Work request =
As soon as the line containing "a woman with" appears in the material below, start returning lines exactly, and end with the line containing "Vicces gazda áruház".

Records shown Block Start

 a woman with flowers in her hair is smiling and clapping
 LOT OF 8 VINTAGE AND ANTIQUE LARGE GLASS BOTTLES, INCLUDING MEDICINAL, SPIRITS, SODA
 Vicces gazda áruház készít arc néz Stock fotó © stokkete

Records shown Block End
Records shown Block Start

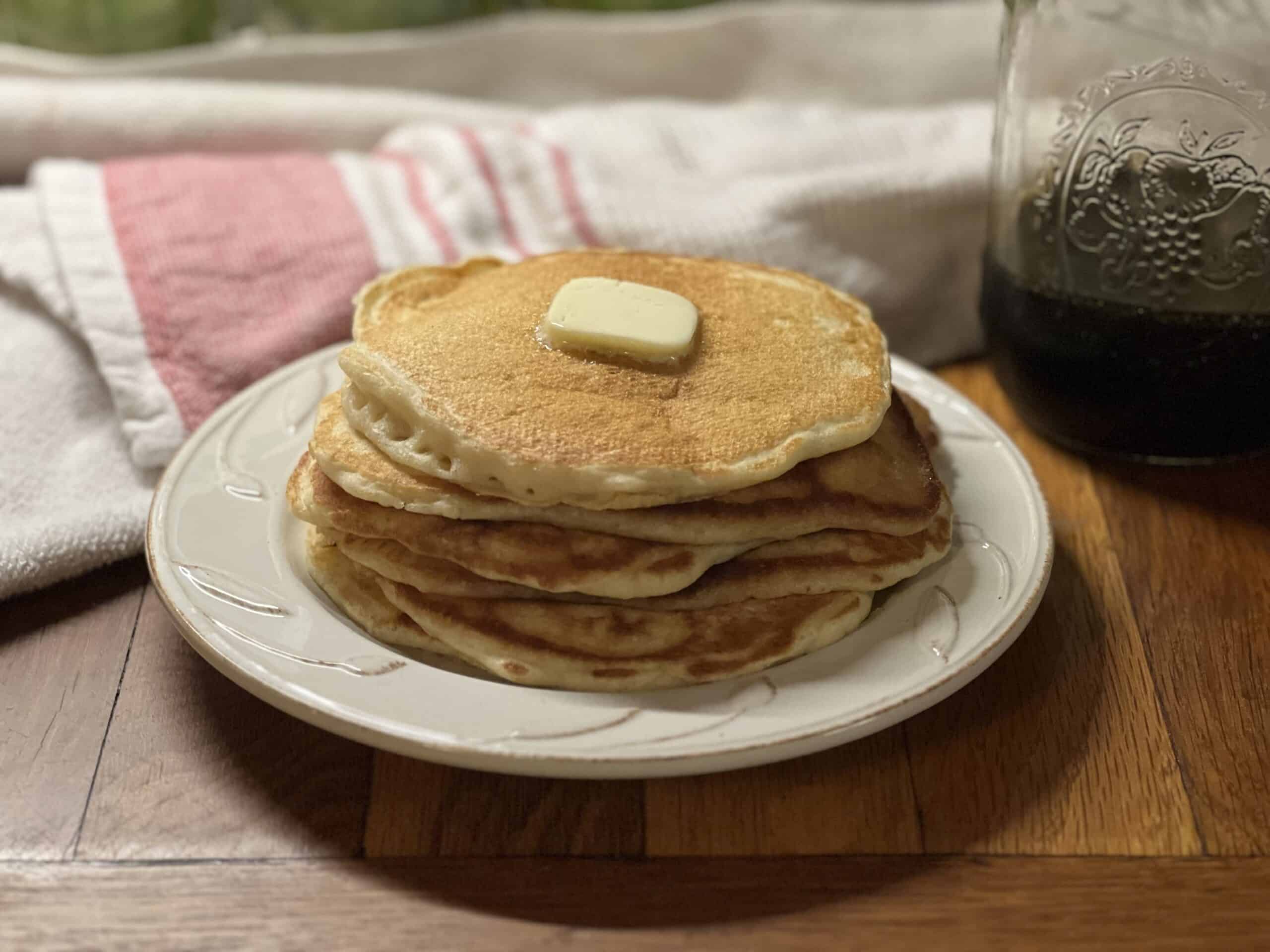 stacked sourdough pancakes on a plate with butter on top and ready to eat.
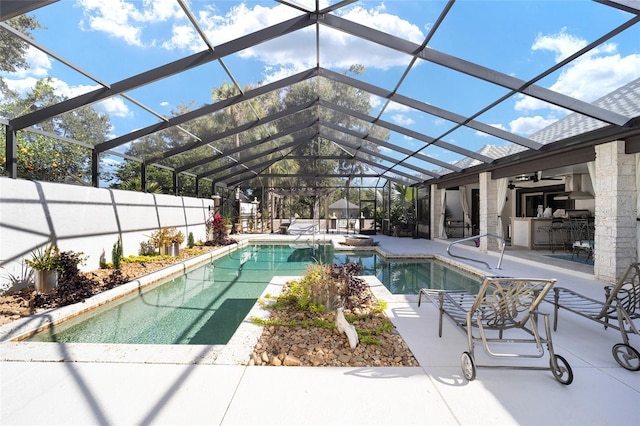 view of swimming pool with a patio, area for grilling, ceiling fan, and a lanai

Records shown Block End

Answer section =
 a woman with flowers in her hair is smiling and clapping
 LOT OF 8 VINTAGE AND ANTIQUE LARGE GLASS BOTTLES, INCLUDING MEDICINAL, SPIRITS, SODA
 Vicces gazda áruház készít arc néz Stock fotó © stokkete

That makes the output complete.